Would it be possible to output exactly, and only, the lines below from the one holding "Citroën C4 GRAND" to the last line, both included, with every picture left out?

### [Source records]
• • • • •

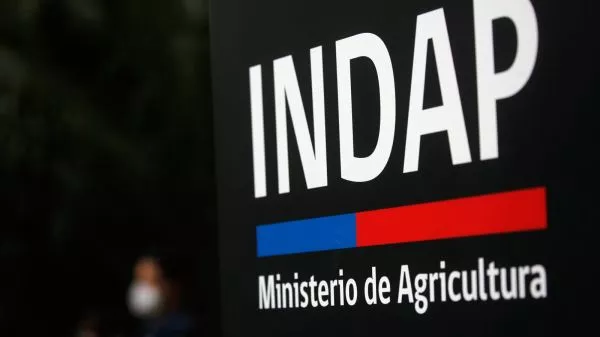 Logo de INDAP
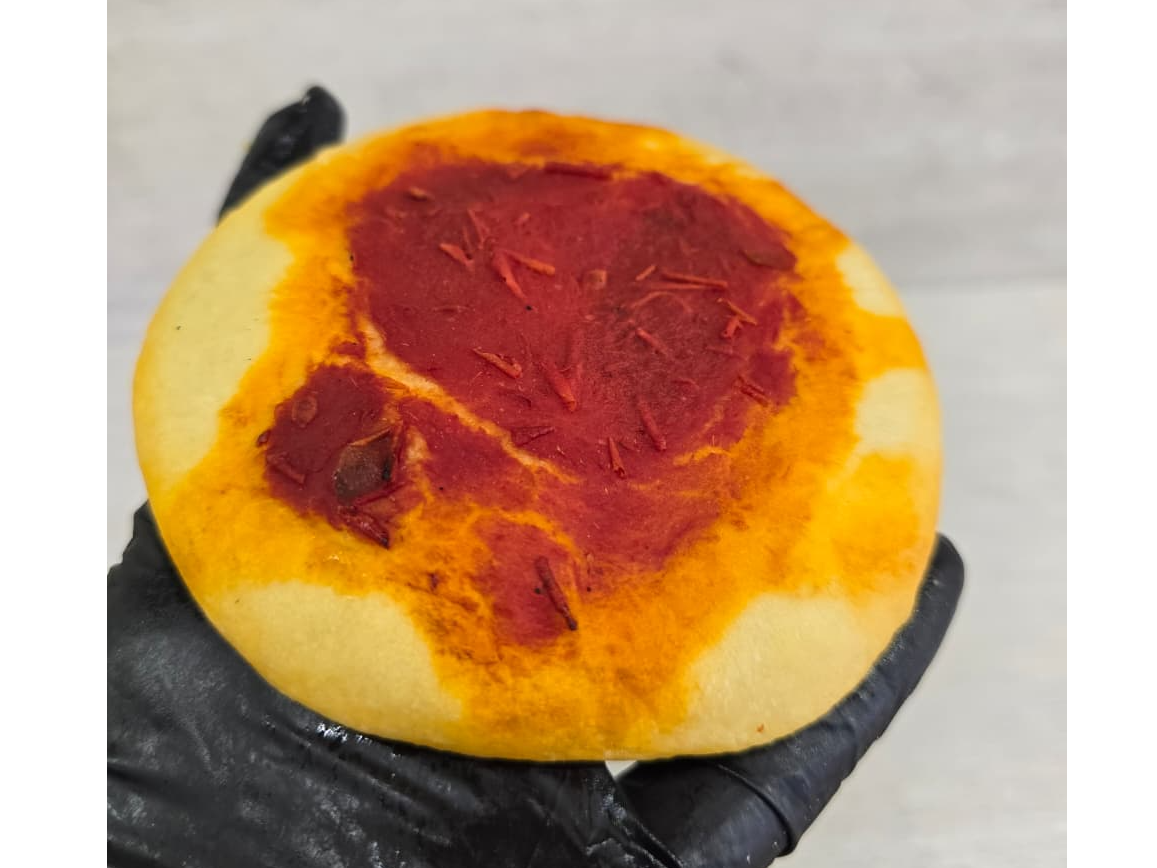 Pizzetas x 6 unidades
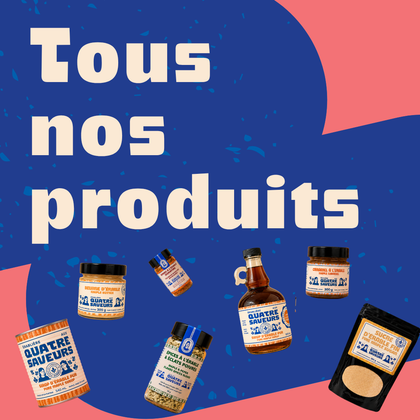 Tous nos produits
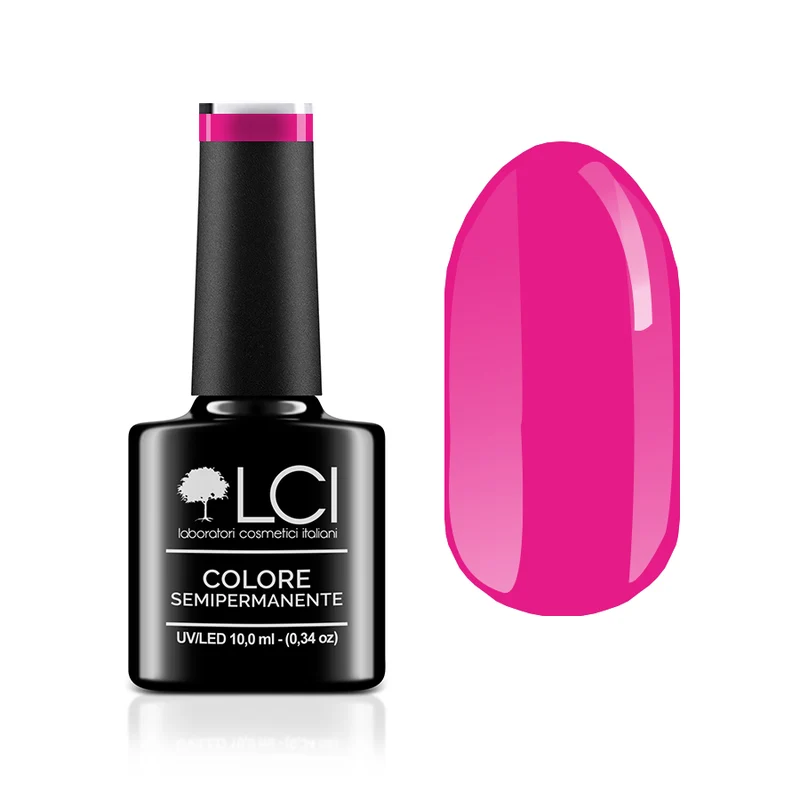Smalto Semipermanente LCI - Space - Fucsia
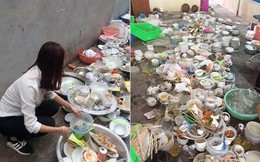 Về ra mắt nhưng phải rửa 10 mâm bát, cô gái nói một câu khiến mẹ chồng tương lai "cạch mặt"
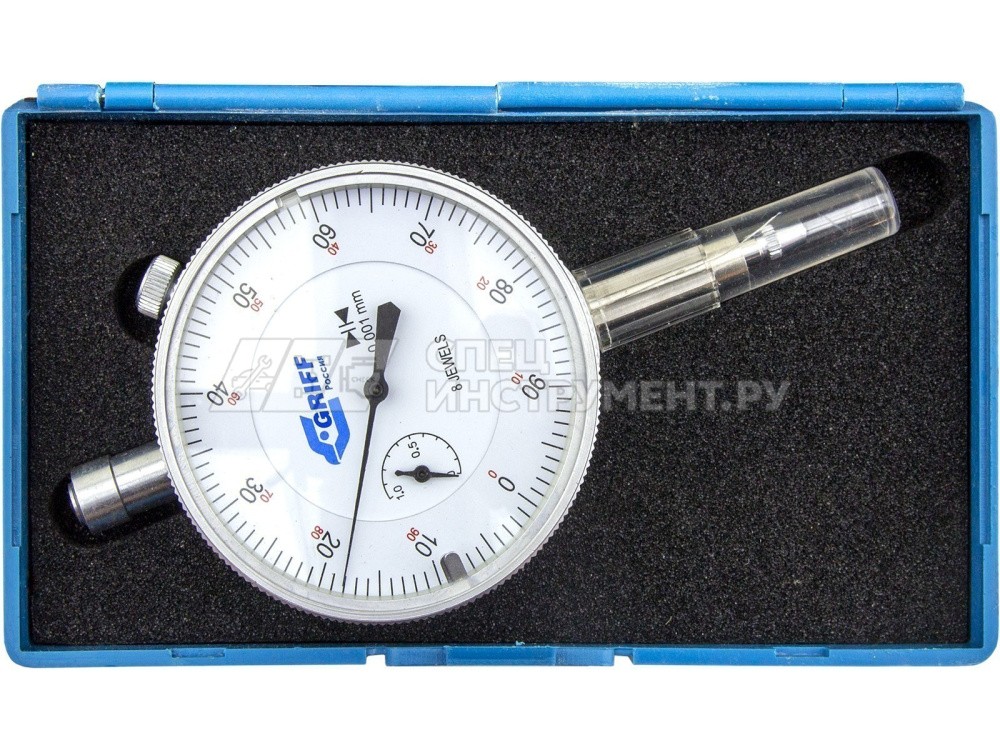 Индикатор 1МИГ ГОСТ 9696-82 "GRIFF"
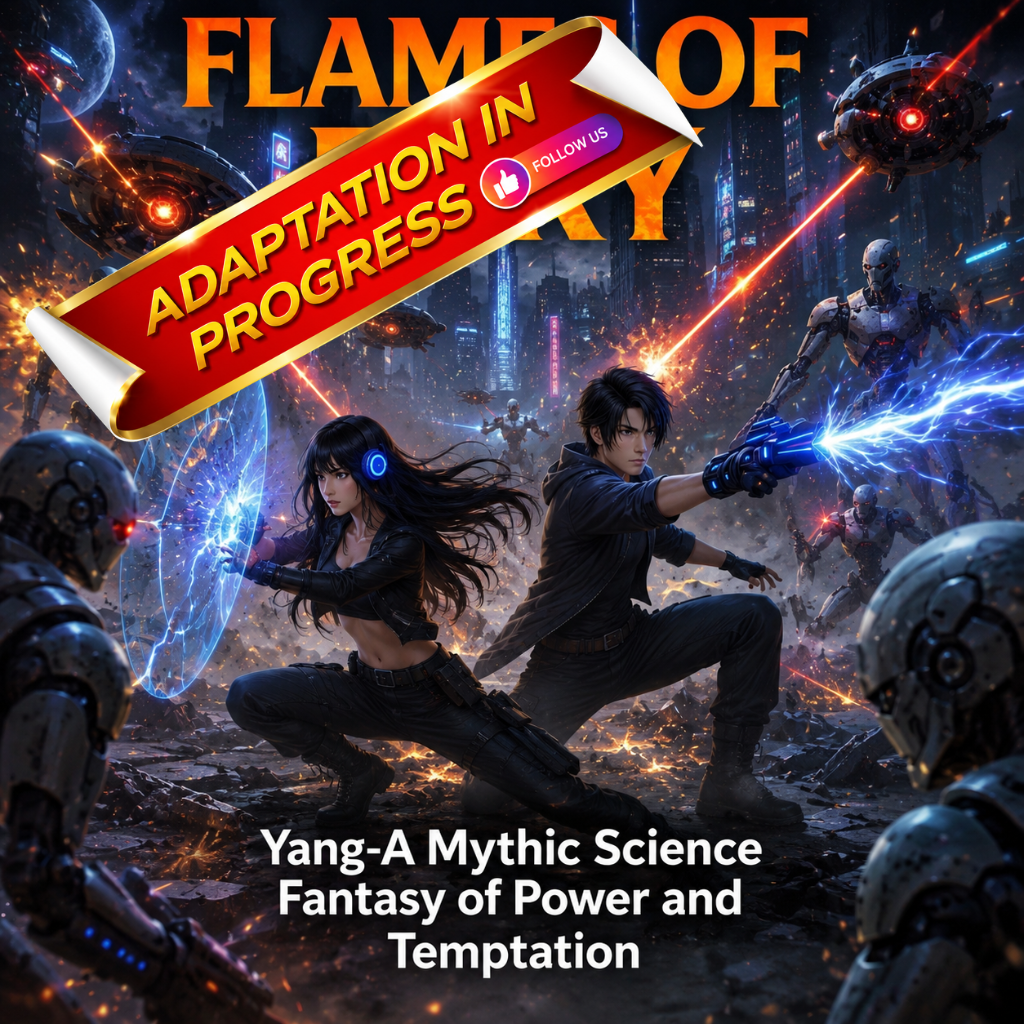 Flames & Fury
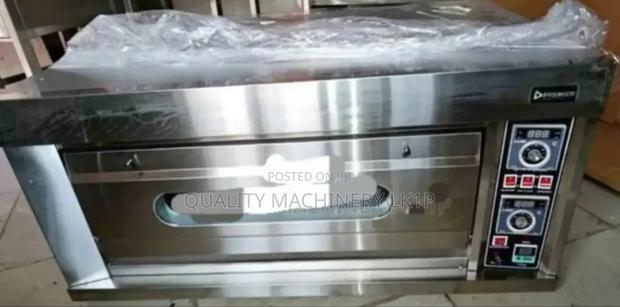 Efficient Premier Commercial Oven 20d One Deck Two Tray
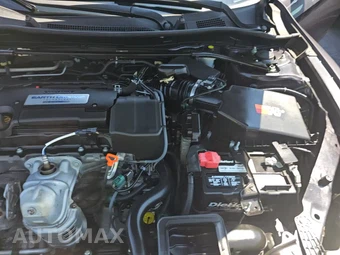 2014 Honda Accord Coupe EX-L - miniatura 24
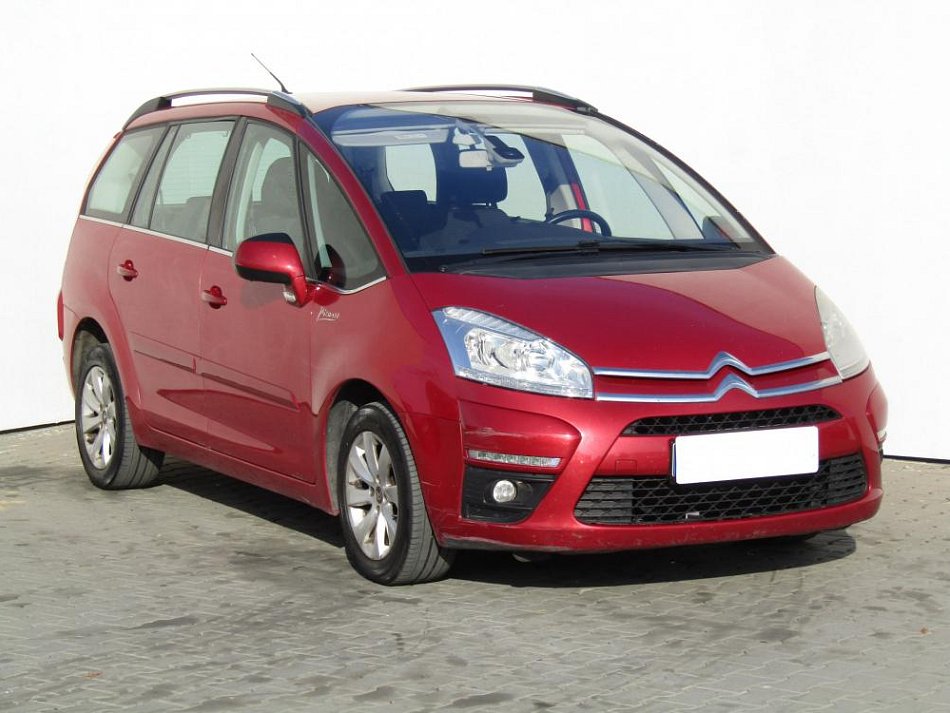 Citroën C4 GRAND Picasso 2.0 HDi  7Míst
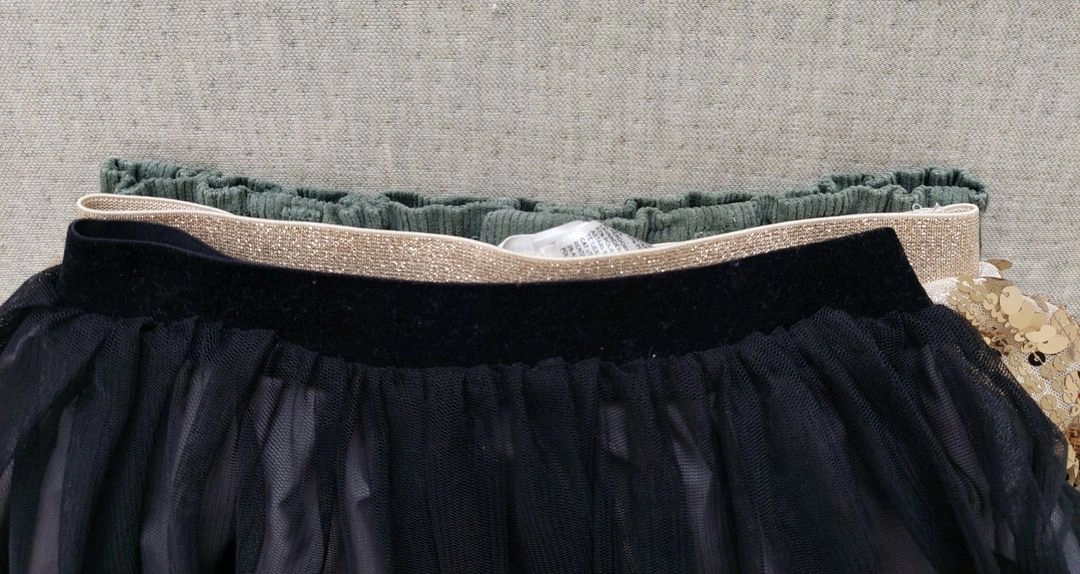 3벌일괄 H&M 흐앤므 여아스커트 여아치마 할로윈룩 스커트 치마 이미지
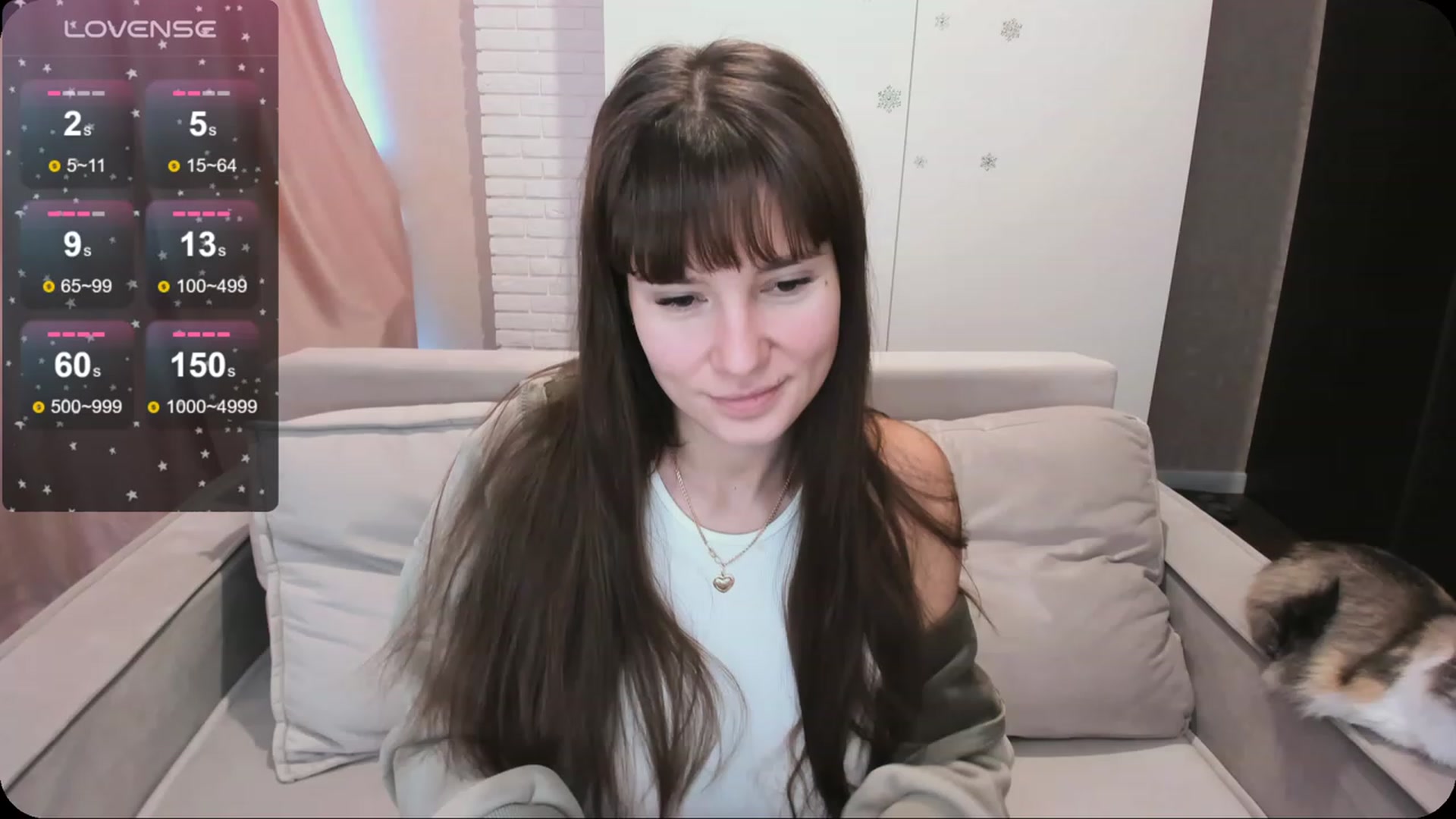 Gallery image thumbnail from HollyMollyy's myfreecams stream on, 01/24/2024, 05:29 image 1 of 20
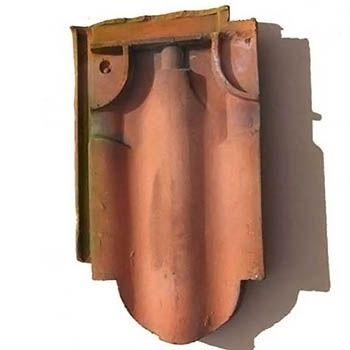 Gothic Tile Natural Red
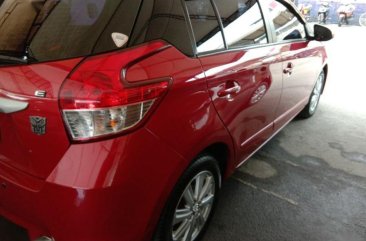 Toyota Yaris 2014 Automatic Gasoline for sale in Meycauayan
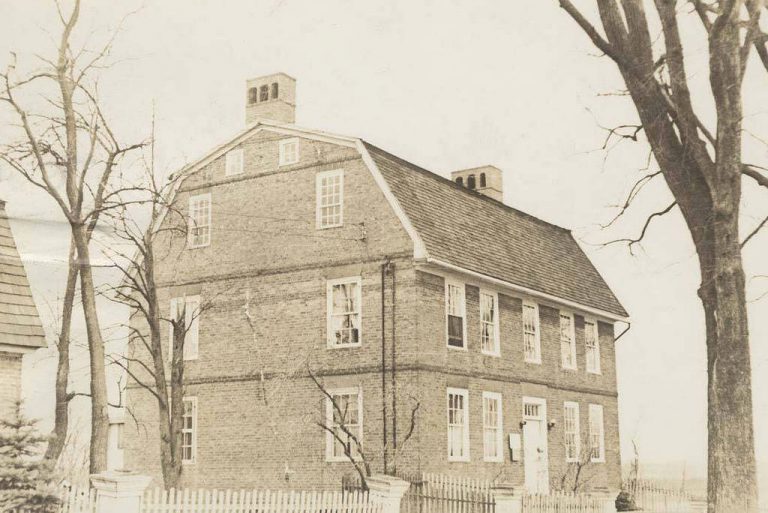 Capt. Nathaniel Hayden House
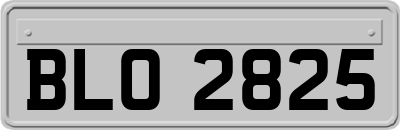 BLO2825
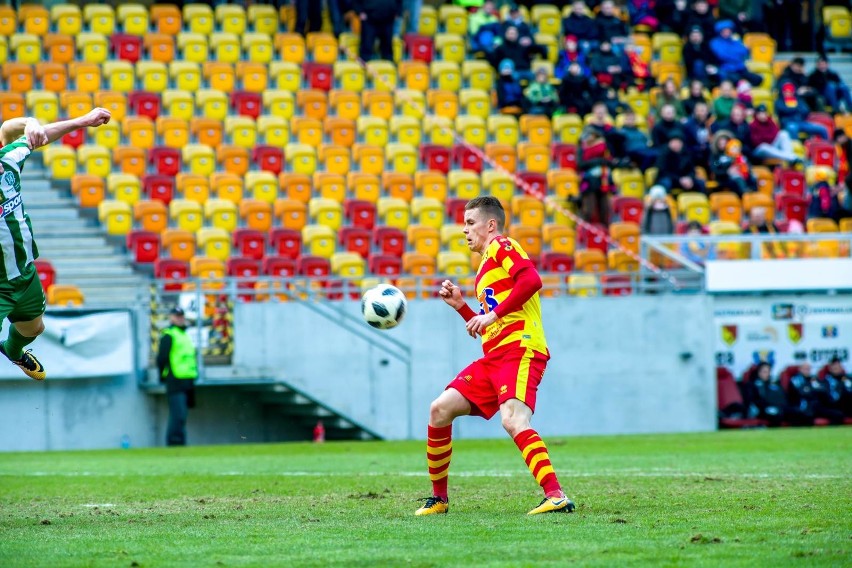 Mecz sparingowy Jagiellonia Białystok - Żalgiris Wilno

• • • • •

### [RESULT]
 Citroën C4 GRAND Picasso 2.0 HDi  7Míst
 3벌일괄 H&M 흐앤므 여아스커트 여아치마 할로윈룩 스커트 치마 이미지
 Gallery image thumbnail from HollyMollyy's myfreecams stream on, 01/24/2024, 05:29 image 1 of 20
 Gothic Tile Natural Red
 Toyota Yaris 2014 Automatic Gasoline for sale in Meycauayan
 Capt. Nathaniel Hayden House
 BLO2825
 Mecz sparingowy Jagiellonia Białystok - Żalgiris Wilno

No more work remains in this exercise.